Do you write Historical Fiction? Writing historically accurate fiction starts with RESEARCH.
Well, duh! I know that!
What most writers forget is that they take for granted a great many aspects which can lend more credence to their works, as well as a better experience of the story they want to put forward to readers. Additionally, if you want to be considered historically accurate, you must behave as a historian–do you due diligence. Can it always be done? Some things might slip past you. No human is perfect. Try your best. This series is going to help by presenting articles of interest from around the internet and get you started on the research necessary to complete an amazing manuscript.

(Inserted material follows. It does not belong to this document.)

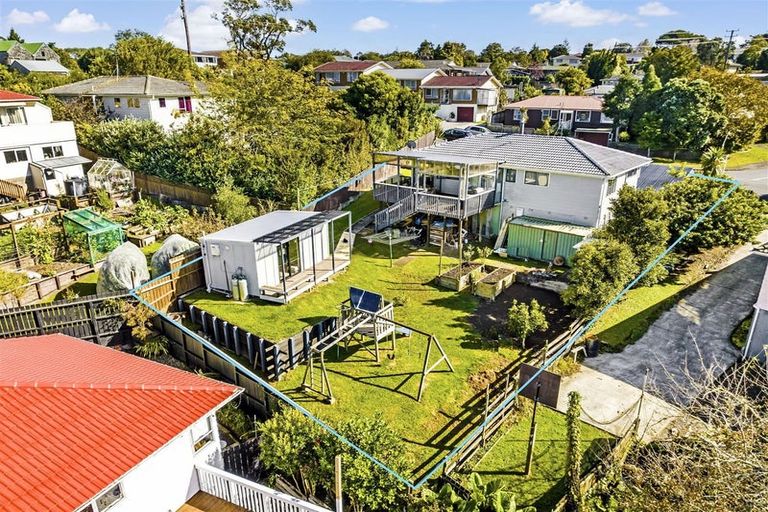 Photo of property in 3 Rehia Road, Massey, Auckland, 0614
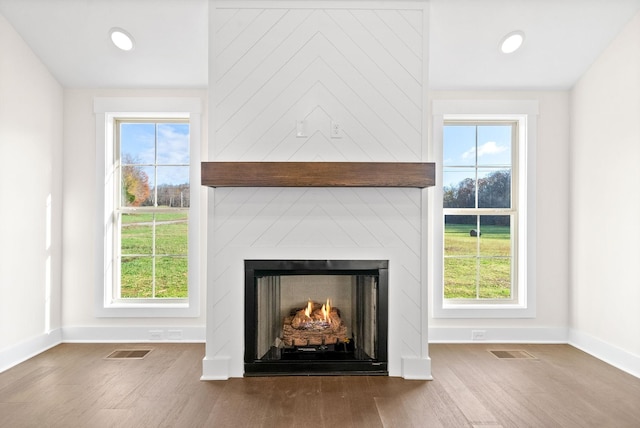 1936 Flats Rd, Cunningham, TN 37052 - detailed view of wood finished floors, a fireplace, baseboards, and recessed lighting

Welcome back! I hope that the series has been teaching you a great deal about writing historical fiction that you may have taken for granted in times past. The point of the series has been to enlighten you about aspects of writing that are not always apparent. The most ignored point which I can imagine is getting the permission of the person or persons which you’ll be covering in your work.
But, I’m writing about a 15th century monk! Of course there is not always a need to gather permission waivers from actual people. However, you might want to be sure that there isn’t some entity (corporation or some other business group, estates and other legal hurdles) who controls the rights to the story of that 15th century monk. You’d be surprised.
Take for instance, The Hobbit. Yes, I know Tolkien wasn’t writing a historical work. My point is that if someone wished to write about J.R.R. they’d need to seek the permission of his son. Christopher Tolkien would be within his rights to sue if you didn’t get a release from him. He is the executor of the estate. Tolkien’s work and life is under his permission. This will likely slide down to the grandson upon his passing.
Biographers are especially at risk, as they can be sued at several points along their project. They can be sued to be gagged. They can be sued for not gaining rights permission. They can be sued over defamation.
Historical writers stand no less a risk when they plan to use actual people in their work. So, be sure to check that the rights on a historical figure or even subject isn’t copy written or trademarked in some manner that prevents you from free use. It’s just like using images or music in your work. Not everything is public domain.
While overseeing an arts fellowship at a college that I worked for, I downloaded a release form and tweaked it for my purposes from googling it. You can review several and get an idea of what you’ll need for the topic you’re covering. Make sure you have it notarized, in order to further protect yourself from later blow back. Lawyers can make them moot by saying that the signed didn’t sign or that they were under duress or unclear. Here’s a tip for live interviews: record them accepting the interview at the outset of the taping, AND giving their permission to use the conversation you will have, AND get a signed release. That is all necessary by ethics of interviews.
If you’re still in doubt, consult a lawyer about the proper procedure. If you’re unsure about a topic/person requiring permission, you can usually find out by looking at other works written on the topic. This is part of the research you’ll undertake on the topic. Have faith in yourself. Most topics/persons you might be considering will not need a thing.